A fund which buys majority stakes in companies and/or entire business units to restructure its capital, management and organization. Usually the targets are delisted (unless already unlisted), held private and restructured over a period of 3-7 years, and then again listed through an IPO.

Restructuring may be done through leveraged buyouts, venture capital, growth capital, angel investing, mezzanine debt, management share participation programmes and others.

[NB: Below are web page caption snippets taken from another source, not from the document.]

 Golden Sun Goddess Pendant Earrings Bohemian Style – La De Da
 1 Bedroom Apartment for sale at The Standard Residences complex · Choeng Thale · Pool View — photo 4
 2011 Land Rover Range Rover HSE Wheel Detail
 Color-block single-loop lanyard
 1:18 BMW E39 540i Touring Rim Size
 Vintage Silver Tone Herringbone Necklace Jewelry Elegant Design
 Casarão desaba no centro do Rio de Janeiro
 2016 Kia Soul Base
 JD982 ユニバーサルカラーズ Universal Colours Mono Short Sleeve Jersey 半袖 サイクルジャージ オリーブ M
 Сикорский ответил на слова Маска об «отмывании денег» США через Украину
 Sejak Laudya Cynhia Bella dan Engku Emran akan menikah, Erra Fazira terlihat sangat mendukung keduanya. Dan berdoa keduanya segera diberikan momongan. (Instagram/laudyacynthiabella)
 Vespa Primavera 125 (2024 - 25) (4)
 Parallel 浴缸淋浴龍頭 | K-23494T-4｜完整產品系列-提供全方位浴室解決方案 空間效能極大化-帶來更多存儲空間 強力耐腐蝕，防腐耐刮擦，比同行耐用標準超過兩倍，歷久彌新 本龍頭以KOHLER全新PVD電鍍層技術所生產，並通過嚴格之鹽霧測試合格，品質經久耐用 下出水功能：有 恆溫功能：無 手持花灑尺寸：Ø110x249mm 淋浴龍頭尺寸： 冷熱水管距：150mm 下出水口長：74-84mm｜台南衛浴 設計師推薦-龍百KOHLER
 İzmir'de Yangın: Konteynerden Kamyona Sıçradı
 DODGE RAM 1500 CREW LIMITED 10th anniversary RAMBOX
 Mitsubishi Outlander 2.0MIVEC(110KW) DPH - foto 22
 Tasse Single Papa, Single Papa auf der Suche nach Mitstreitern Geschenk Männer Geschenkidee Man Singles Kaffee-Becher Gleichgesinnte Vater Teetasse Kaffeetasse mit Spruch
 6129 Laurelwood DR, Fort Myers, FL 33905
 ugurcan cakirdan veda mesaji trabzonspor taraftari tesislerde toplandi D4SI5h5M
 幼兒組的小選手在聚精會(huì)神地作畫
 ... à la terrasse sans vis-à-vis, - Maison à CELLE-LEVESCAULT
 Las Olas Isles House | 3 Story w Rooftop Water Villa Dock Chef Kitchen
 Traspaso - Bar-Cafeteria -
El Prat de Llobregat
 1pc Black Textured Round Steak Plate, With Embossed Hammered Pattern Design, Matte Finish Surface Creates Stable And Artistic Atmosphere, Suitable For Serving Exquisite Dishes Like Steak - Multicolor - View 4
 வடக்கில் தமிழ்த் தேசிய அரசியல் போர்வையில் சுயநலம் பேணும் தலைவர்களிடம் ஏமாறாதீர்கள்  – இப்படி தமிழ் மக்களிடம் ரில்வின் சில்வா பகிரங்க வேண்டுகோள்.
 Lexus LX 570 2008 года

2006-10-16 10:09:01 · answer #1 · answered by Doethineb 7 · 0 0

Here is answer in simpler words:
5-10 people who have great experience in investment banking (likes of goldman, merrill Managing directors) come together and start a private equity firm and raise money (around 500m to 1bn) from wealthy individuals. This is done through the structure of fund i.e. the private equity firm will issue units in the fund and investor will buy these units and the money from the investor will go to the private equity firm.
Now once the PE firm has the money - they will start investing. Normally they buy medium sized or big firms (normally big PE firms or a few PE firms join together), who are in distress/troubled. PE firm buy them because the it sees potential in the firm i.e. if the distressed firm is restructured and properly managed then it can be turned into a profitable firm. So they buy then restructure it and in a few years sell it, making a big profit. The PE firm's management get % of the profit (say 20% of the total profit made) and a standard management fees (say 2% of the fund size) from the fund and the rest is transferred to the investors i.e. fund unit holders.

Leverage effect: if the PE firm wants to buy a firm for 100 million. They will raise money from the bank loan and will keep the distreessed firm as a collateral and raise say 70 million. The rest 30 million the PE firm will pay. So effectively the with 500m fund they can do transactions worth 1.5 billion.

P.S.: They hire juniors from Investment banks and pay loads. An associate gets around £75K base + 100-150% bonus. But very hard to get into.

2006-10-17 03:38:50 · answer #2 · answered by MonteCarlo 2 · 0 0

Just as its name says - it is a firm that invests in private equity. If is not for the average Joe but for wealthier individuals. Private equity is not traded versus public equity would trade on stock exchange.